A recently leaked training document from the charity Oxfam has slammed “privileged” white women - not for the usual benign reasons - but for reporting sexual assault and rape. The document claims that ‘privileged white women’ support the root causes of sexual violence for the sin of wanting justice for themselves.
It’s rich how Oxfam, who have been embroiled in scandal after scandal relating to sex trafficking and the prostitution of minors, first in Haiti and now in the Congo to provide a training manual for their many volunteers and employees on how to essentially coerce women into not speaking out against the very organization that is responsible for the violence against them.
It’s almost as if Oxfam doesn’t want the world to know what it’s really up to and it’s finding new ways to cover its tracks. Instead of addressing the storm of sexual violence, rape, and human trafficking that plagues the organization, its employees are being given a guide on how to effectively silence their victims. And they’re doing so through the rhetoric of social justice.
It’s the logical conclusion to the social justice movement, and sociologist Alison Phipps, Professor of Gender Studies at Sussex University agrees. The leaked Oxfam training manual, which tells women not to report their rapes is, ironically enough, based upon the work of the self-proclaimed feminist.
In a recently published book called Me Not You: The Trouble With Mainstream Feminism, Phipps claims that white women weaponize their identities as a “racial capitalist protection racket.”
If that sounds like a mouthful of word salad, allow me to dissect what she means.
Using examples like the so-called “Central Park Karen” Amy Cooper, Phipps claims that Cooper weaponized her white womanhood to falsely accuse a black man of a crime in order to get him arrested. And certainly, some women have definitely done so -- Emmett Till’s accuser comes to mind.
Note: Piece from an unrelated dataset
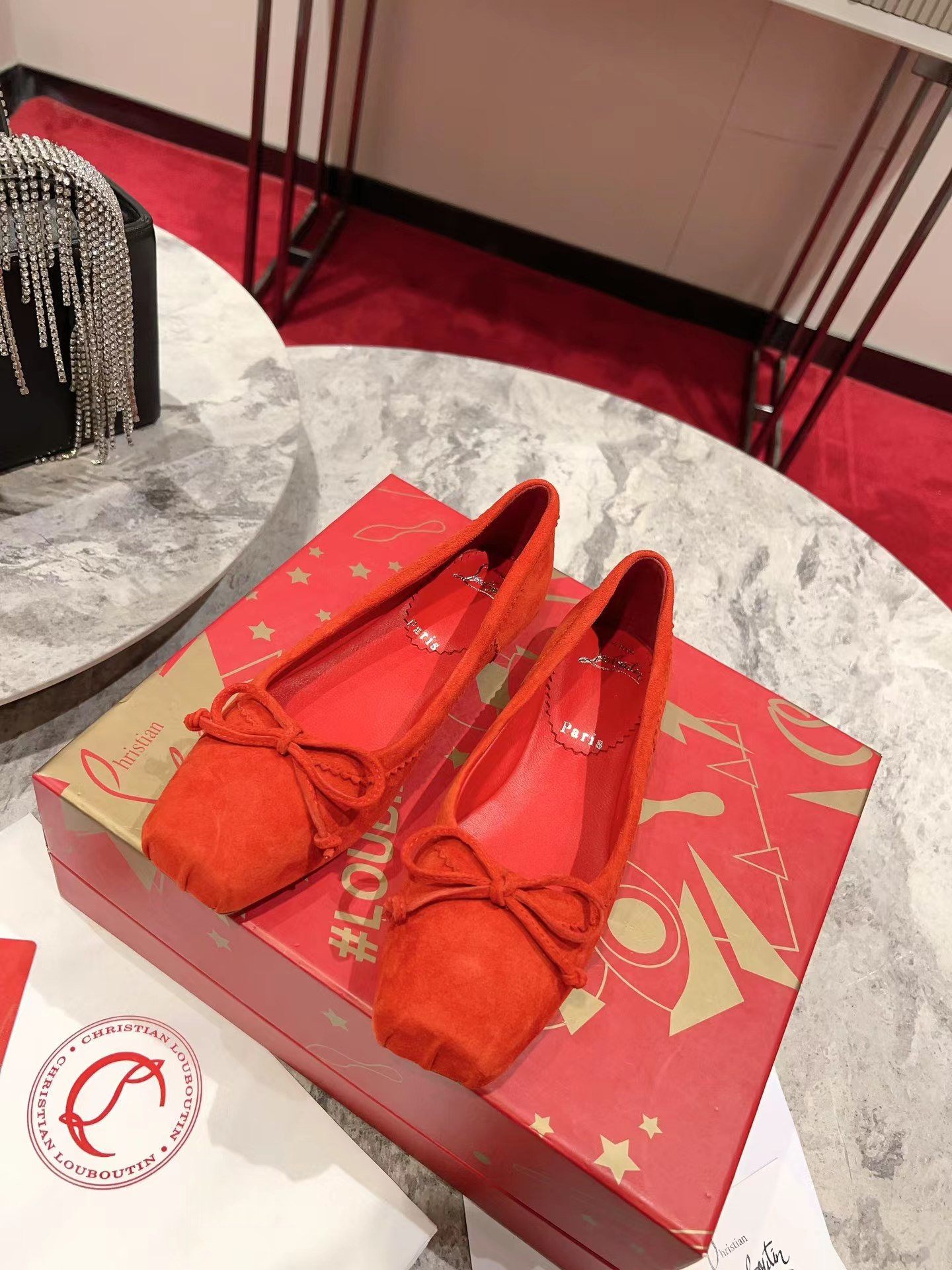 【Christian Louboutin】クリスチャン ルブタン Mamadrague Ballerinas Veau Velours Red-高島屋オンラインストア - 公式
However, Phipps goes off the rails with her claim that “White women are deeply, and often deliberately, complicit with white supremacist violence, and our complicity usually takes the form of victimhood that appeals to the punitive power of the state.”
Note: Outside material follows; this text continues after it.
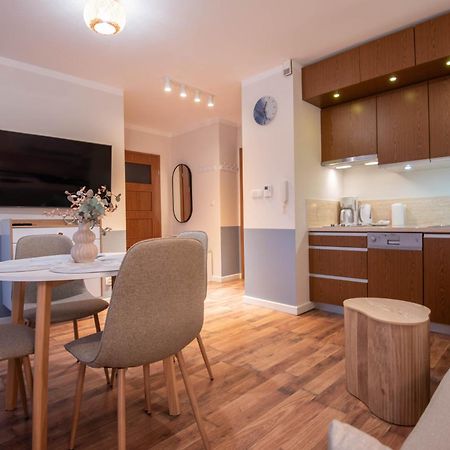 Apartamenty Mistral Z Parkingiem - Promenada & Morze - Apartamenty Na Wyspie Świnoujście Exteriör bild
“White women’s experiences of sexual violence enter a world in which ‘protecting white womanhood’ is really about protecting racial capitalism and white supremacy,” writes Phipps, essentially arguing that white women who report their rapes are complicit in white supremacy.
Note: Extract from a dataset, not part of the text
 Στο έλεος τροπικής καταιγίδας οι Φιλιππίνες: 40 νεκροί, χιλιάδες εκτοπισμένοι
In all these ways, sexual violence is a pivot for the intersecting systems of heteropatriarchy, racial capitalism, and colonialism. The acts and threats that keep us afraid, that make us docile subjects of capitalism, also drive us into the arms of the carceral-colonial state and enable many other kinds of violence in the service of capitalist accumulation. By pulling the levers of carceral systems, white feminism is a willing participant in this racial capitalist protection racket.
To truly understand where Phipps is coming from, one must first understand Critical Race Theory, which views the world and its problems solely through the lens of racial oppression. Let me provide you with a few scenarios viewed through the lens of Critical Race Theory:
When a white woman is raped by a white man, the rape is in and of itself a white supremacist act conducted by a white supremacist man who is asserting his white supremacy over another human being.
When a white woman reports her white rapist to the police, that too, is a white supremacist act because it reinforces the white supremacist carceral-colonial state that enables and requires such violence to exist as crimes.
When a white woman is raped by a non-white white man, that is an underprivileged minority asserting himself and voicing the rage built on hundreds of years of historical oppression.
When a white woman reports her non-white rapist to the police, that is a white supremacist act that reinforces the incarceration of disproportionately affected minorities under a white supremacist system.
And this reasoning is precisely what Oxfam is using to train its employees. Any support of the so-called “carceral-colonialist” system i.e. criminal justice system that exists in every civilized society, including those that most people in the West would not even be considered to be “civilized” at all, is considered an act of white supremacy.
Indeed, the year is 2021, and reporting your rapist to the police is considered an unpardonable act of white supremacy. With this logic in mind, the social justice movement has provided criminals with the justification to commit acts of violence -- as long as they direct it toward an expendable demographic.